Abstract

Abstract Arthropod-borne viruses exist worldwide and contribute to many neurological infections. Viral infections in the central nervous system (CNS) can lead to virus- and immune-mediated damage of the brain, which can cause severe physical and cognitive defects, or even death. While antiviral responses (such as Type I interferon) have been characterized in the periphery, it is not well understood how innate immune response are coordinated by the various cell types present in the brain. Certain neurotropic arboviruses, such as La Crosse Virus (LACV), predominantly infect neurons; however, it remains unclear how neurons mediate early innate immune responses in the CNS. Upon infection of primary murine cortical neurons and human IPSC-derived cerebral organoids with LACV, we observed widespread infection.
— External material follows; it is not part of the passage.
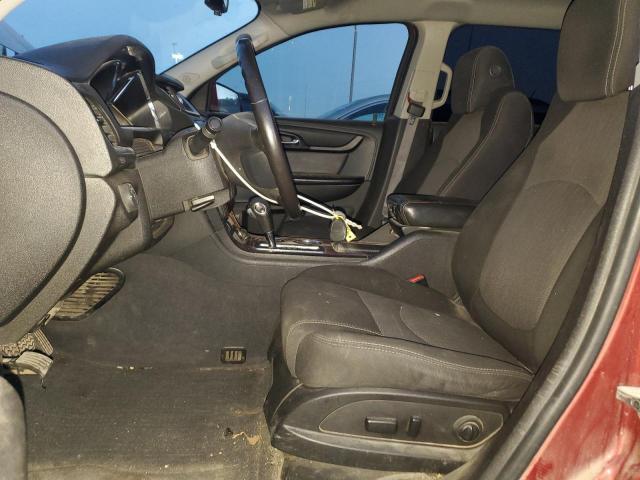Photo 7 from auction – 2014 CHEVROLET TRAVERSE LT with VIN 1GNKVGKD5EJ329174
Transcriptomics approaches revealed infection of neurons results in the upregulation of interferon-stimulated genes (ISGs) that are also detectable at the protein level. Notably, we found that bystander uninfected neurons have higher ISG expression than neighboring infected cells. Future directions aim to characterize how infected neurons communicate with uninfected bystander neurons during infection. To address this, I have optimized a ProbeSeq pipeline where I infect primary cortical neurons and further characterize infected and uninfected populations using fluorescence in situ hybridization and downstream RNA-sequencing. Supported by the Penn Presidential PhD Fellowship.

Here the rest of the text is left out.